The Blue Between

Monday Morning Musings:

The Blue Between

Morning fog, afternoon sunshine. The Delaware River at Red Bank Battlefield

The Oracle whispers watch
for the blue that comes

a taste, a tease
of cerulean between storms

Pine Street on a Rainy afternoon in Old City Philadelphia

Rainy Day Walk in Old City Philadelphia:

that arrive with thunder of boots,
the hard rain of lies, and
lightning bolts of hate.

And I am tired–
so tired–of the would-be despots
who dupe the gullible,
and the culture that declares
black and brown bodies are not
as beautiful as white, and who proclaim all women
must be controlled.

I cannot believe in their petty, jealous gods—
narrow-minded, power-hungry deities created in our image,
not the other way around. I am still waiting for the Star Trek world,
where people fight for goodness, timelines can be rewritten, and Q
is a super-being, not a spreader of wacko conspiracy theories.

Sparkling River

But—
again, the Oracle reminds me to breathe
to listen to the pre-dawn birdsong, the excited chatter of crows,
the sparkle on the river, the scent of petrichor, of honeysuckle, of bread baking
in the oven–
to notice the humming moon and the singing stars,
and that patch of blue
that comes like love—a surprise, a mystery.

Mysteries

We had some blue skies last week, but lots of cloudy days, and we walked around Philadelphia in the rain on Saturday before seeing a play. This afternoon, we may get violent thunderstorms with hail and the possibility of tornados.

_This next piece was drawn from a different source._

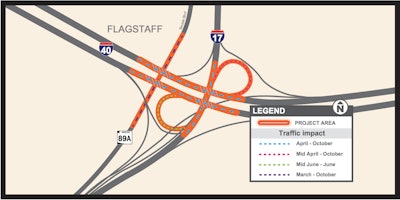 A construction project to improve the I-40/I-17 interchange will likely cause delays near Flagstaff, Ariz., through the rest of the year.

We saw School Girls; Or, the African Mean Girls Play by Jocelyn Bioh at the Arden Theatre. It’s a play about—well, mean girls in a boarding school in Ghana in the 1980s. It covers issues of body image and colorism, in a timely, but also funny play. We streamed a very strange movie that we both liked Black Bear with Aubrey Plaza.
And we watched the first two episodes of the British series Ridley Road. It’s on Masterpiece now. It’s about a Jewish woman from Manchester who infiltrates a neo-Nazi group in the 1960s. It explores history that is not very well-known, but it is also timely (and scary to me) that people are so easily duped that they believe the anti-Semitic and racist lies and think the fascism will actually improve their lives. It sounds too much like what it is happening right now. Oh yeah, there was another mass shooting. A young white man with a hate manifesto shot people of color in and around a supermarket in Buffalo, NY.

We had a virtual Shabbat with our children and their spouses (and pets) on Friday night.

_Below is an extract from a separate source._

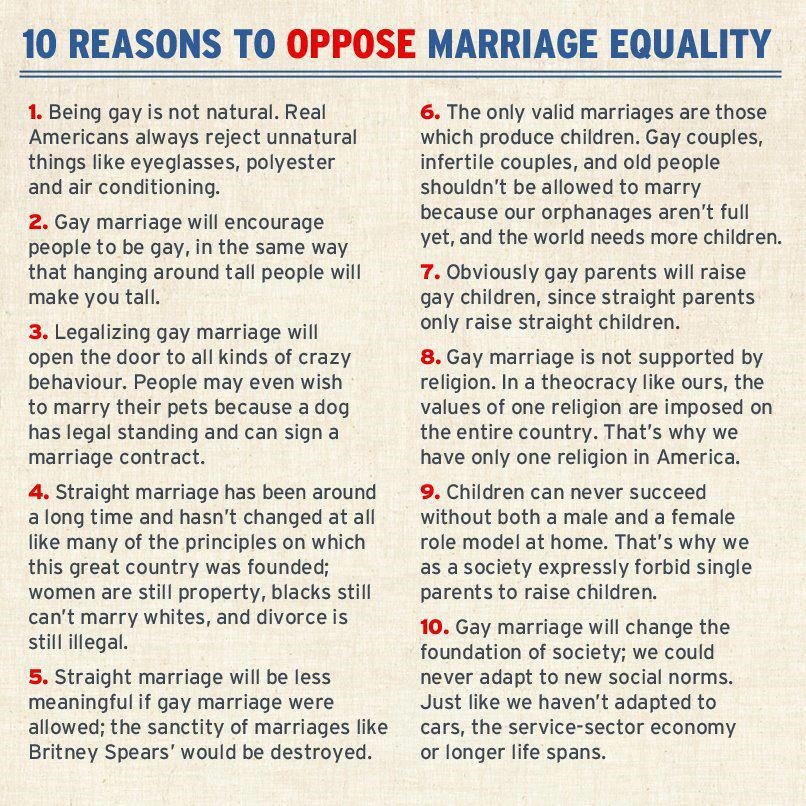 Gay Marriage Oppose 80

46 thoughts on “The Blue Between

  1. I always love your Meanderings on Mondays. Love that wet Pine Street made of bricks – made me smile.
    The world is such a mess and thank goodness the Oracle reminds you to stop, breathe and look for the beauty and the good. We all need to.
    Happy Monday, Merril!

  2. Of course the Oracle reminds you to look for the blue (that smell of petrichor and honeysuckle, just like here), there is so much ugliness going on at the moment.
    The rain washes some things clean, like those beautiful bricks 🙂

  3. Wonderful photos, Merril. You have a beautiful way with words. The message from the Oracle is a good one, and it’s one I try to practice but some days… it’s hard. We’ve been watching Ridley Road, too. I don’t think I’ll ever understand the attraction to fascism, racism, all the -isms.

    • Thank you for your kind words, Robin.
      We finished the show. Let me know what you think when you do. I suppose intellectually I understand why some are attracted, but I don’t really understand (if that makes sense). And it is scary what is being spread by extreme right-wing sources now.

  4. The title of your poem is lovely…. Reminds me of “Silver Lining” but has more of your flair. Crazy world, indeed, Merril, and we do need to seek a reprieve in this storm. Cobblestones are even more striking in the rain… nice capture!

  5. I’m always the last to a fab party, especially when there’s amazing bread.
    Many of your words echo my thoughts… despots, controllers of women, white is right, religions made of sin.

    Still, the bread looks tasty, and I am happy for your blue sky! Thank you, Merril!